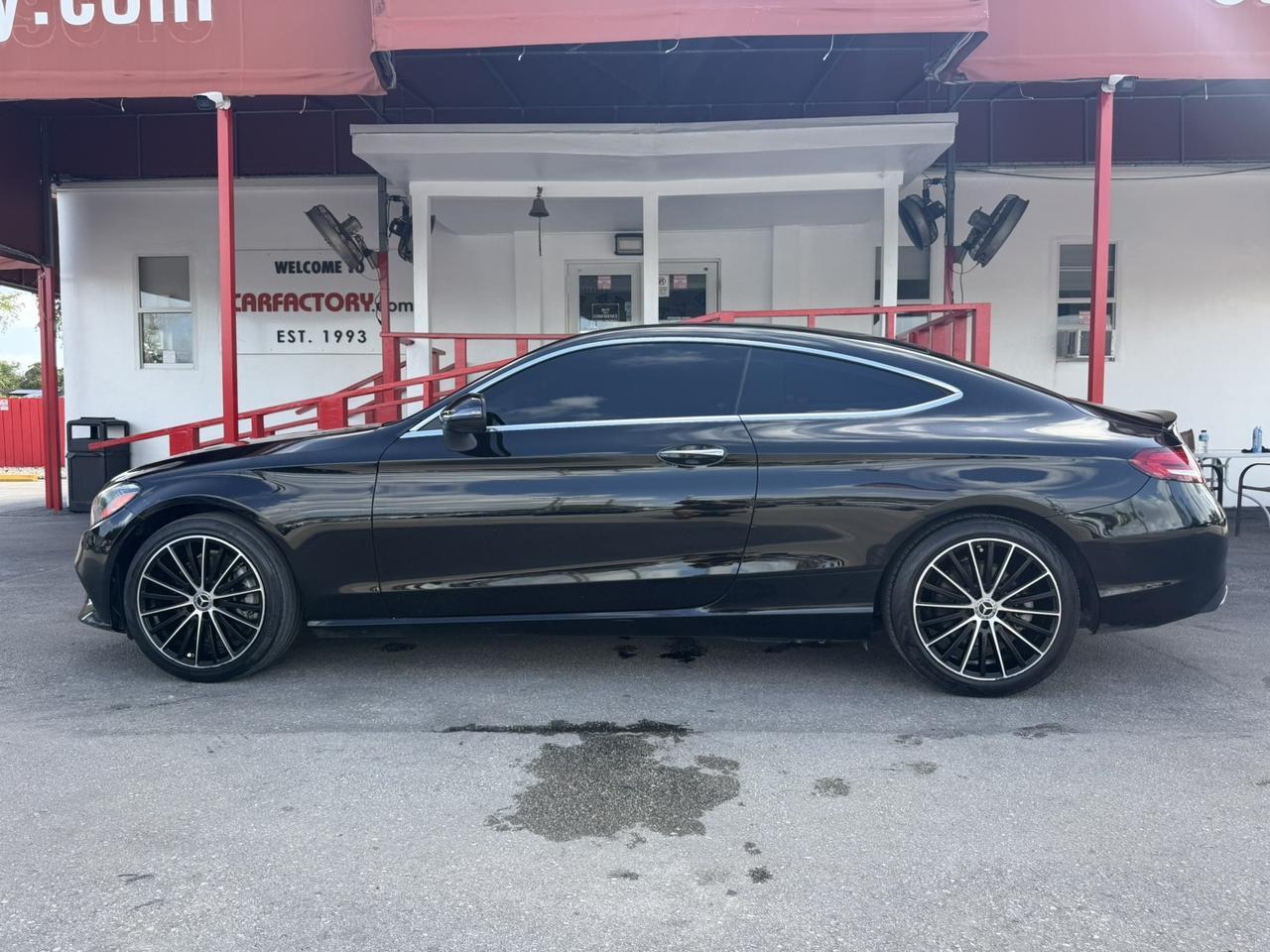 2021 Mercedes-Benz C-Class C 300 Hollywood FL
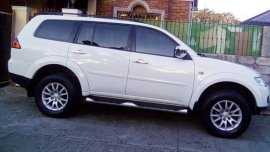 Sell 2nd Hand 2012 Mitsubishi Montero Automatic Diesel at 39000 km in Malolos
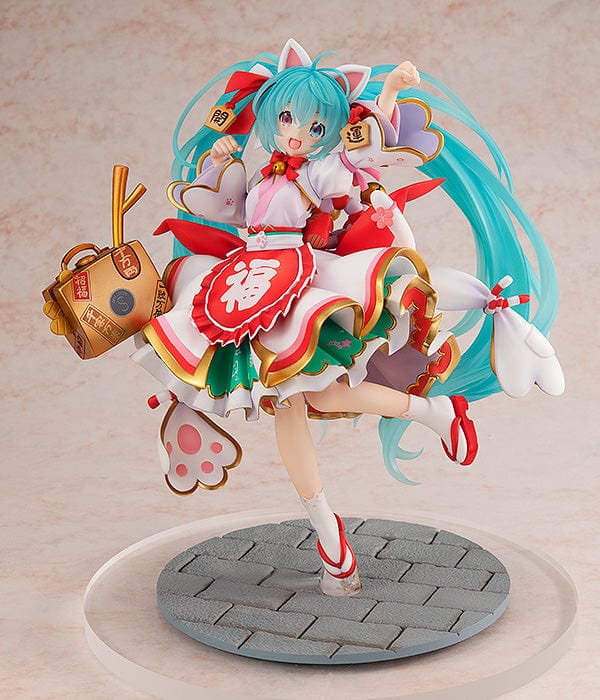 Kadokawa Hatsune Miku : Maneki Miku ver 1/7 Scale Figure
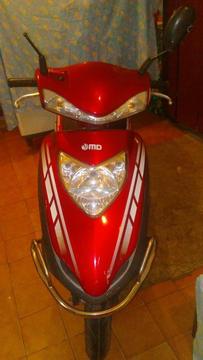 Moto Md Cardenal 2011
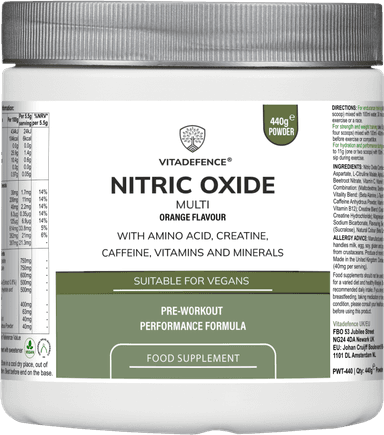 Nitric Oxide Multi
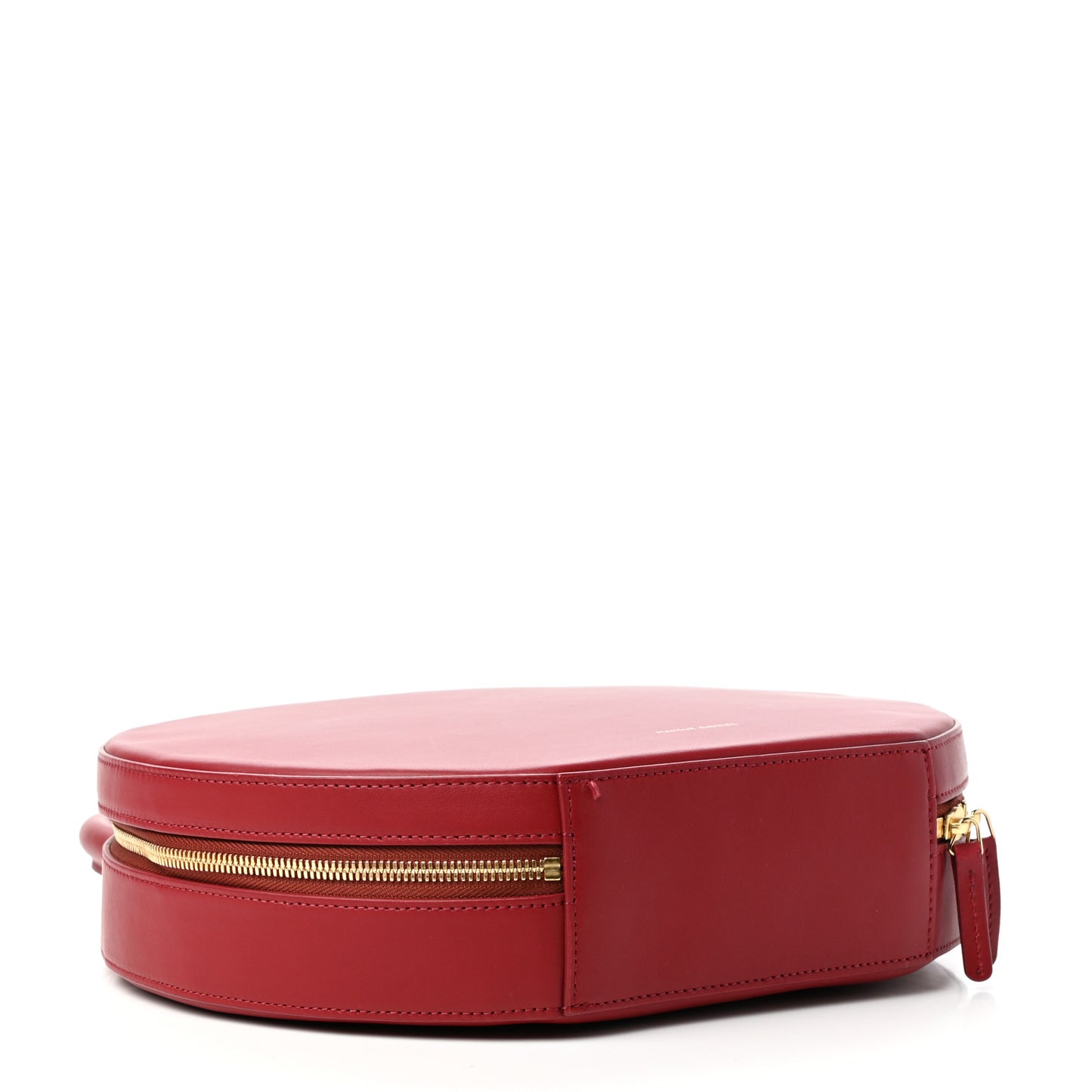 Calfskin Circle Bag Rococo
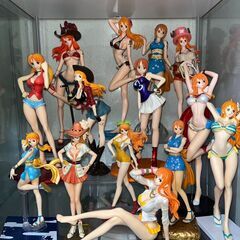 One Piece~ワンピース　フィギュア　大量処分！！の画像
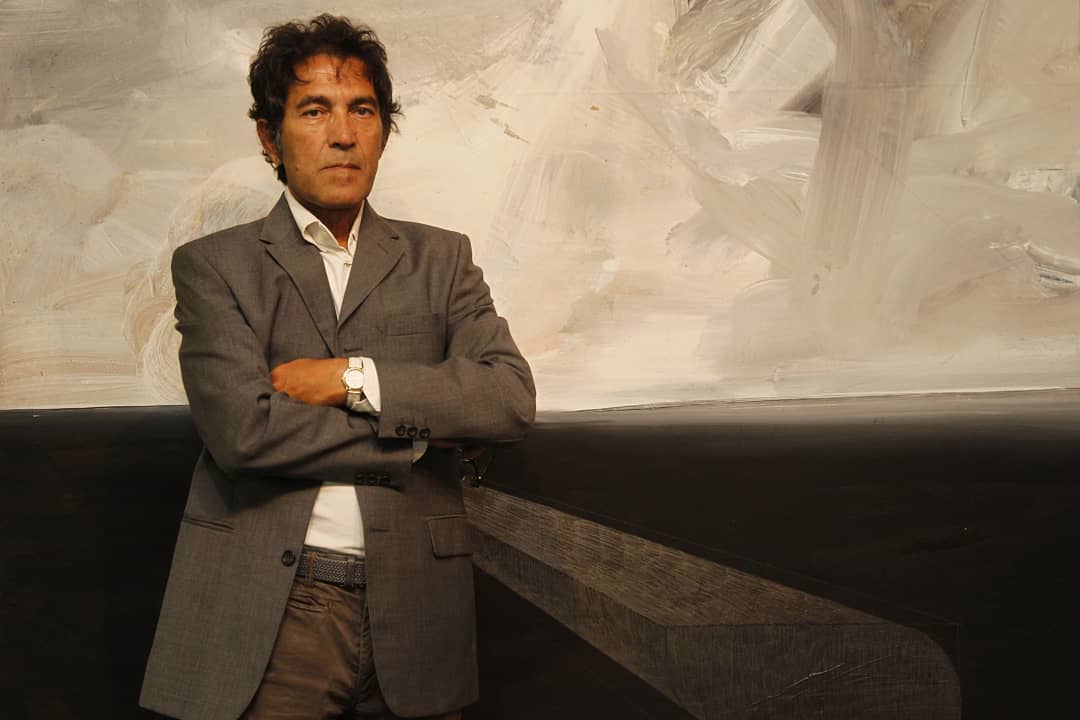 Salvatore Garau, el artista que ha vendido por 15.000€ una obra invisible Salvatore Garau, el artista que ha vendido por 15.000€ una obra invisible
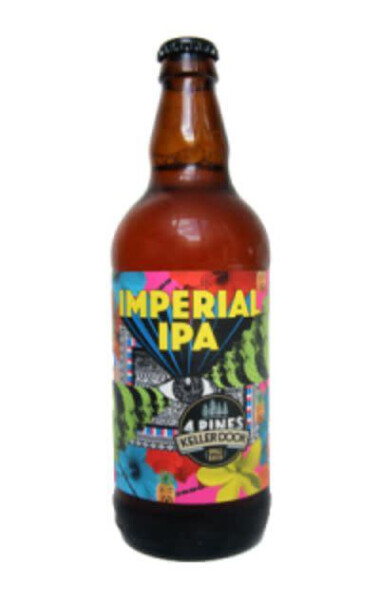 4 Pines Brewing Company (CUB) Imperial IPA
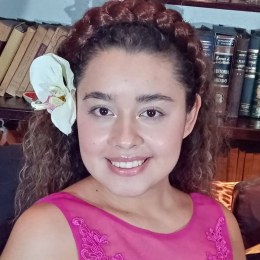 Picture – Estephanya del Carmen Leyva Cossio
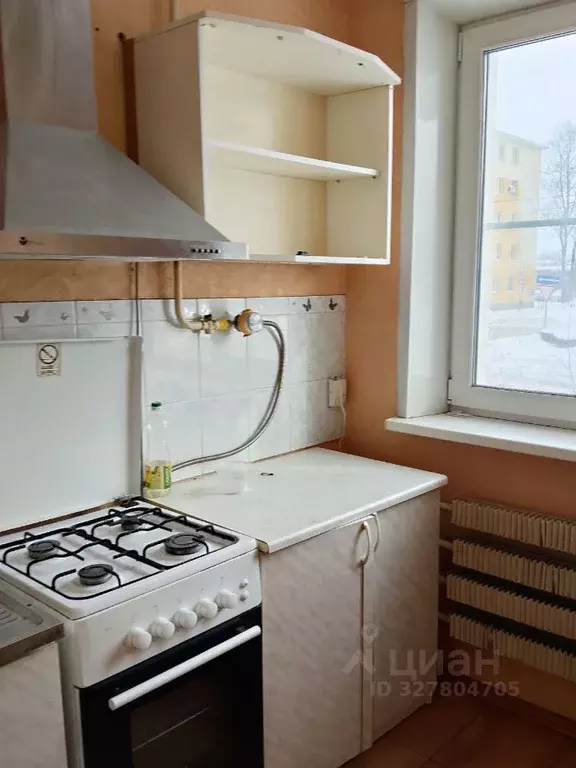 1-к кв. Белгородская область, Старый Оскол Интернациональный мкр, 31 ... - Фото 1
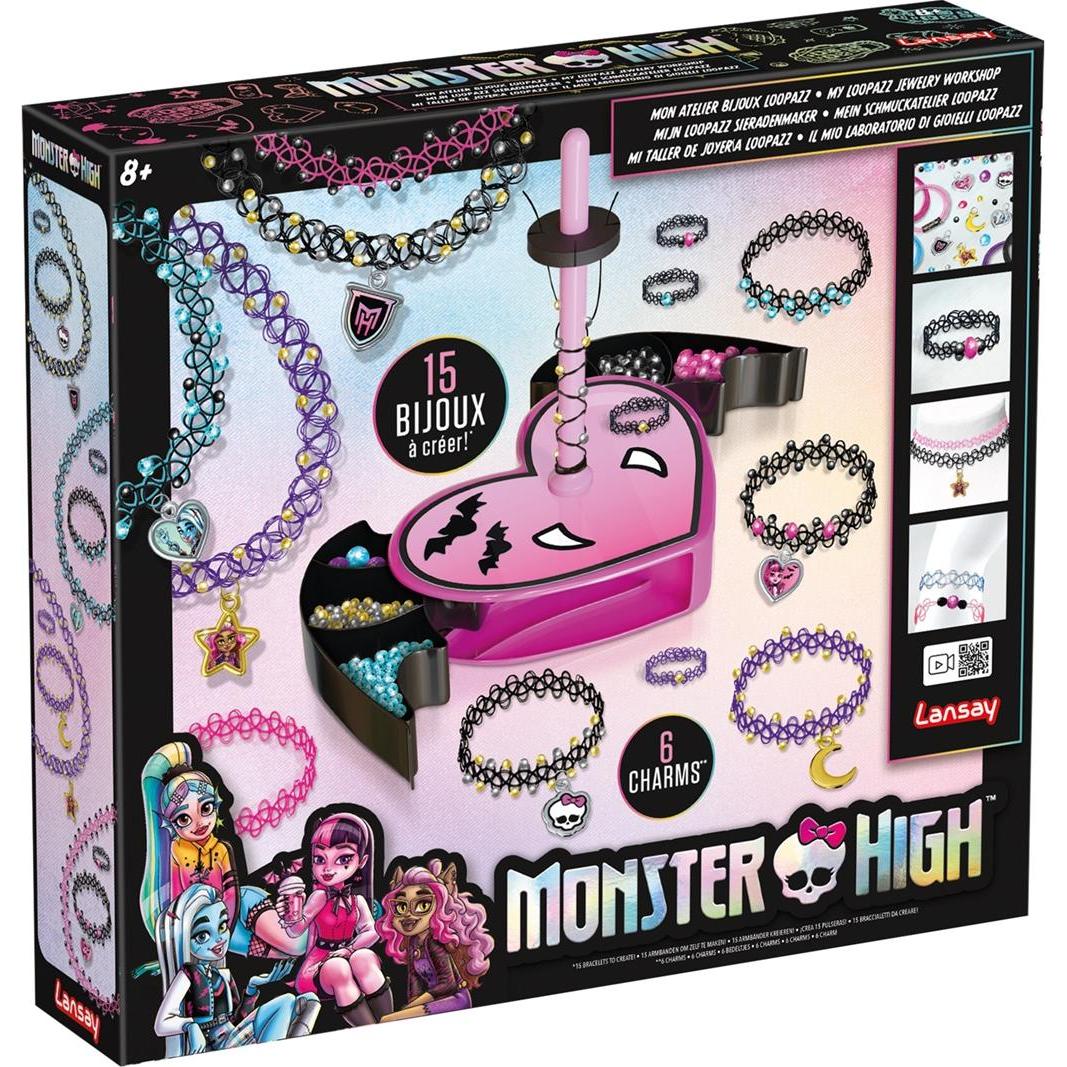 Thumbnail - Monster High Armbänder Atelier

----

Action item:
Please retype exactly the lines from the line containing "Nitric Oxide Multi" through the final line of the records above, inclusive, leaving out any pictures.

Expected output:
 Nitric Oxide Multi
 Calfskin Circle Bag Rococo
 One Piece~ワンピース　フィギュア　大量処分！！の画像
 Salvatore Garau, el artista que ha vendido por 15.000€ una obra invisible Salvatore Garau, el artista que ha vendido por 15.000€ una obra invisible
 4 Pines Brewing Company (CUB) Imperial IPA
 Picture – Estephanya del Carmen Leyva Cossio
 1-к кв. Белгородская область, Старый Оскол Интернациональный мкр, 31 ... - Фото 1
 Thumbnail - Monster High Armbänder Atelier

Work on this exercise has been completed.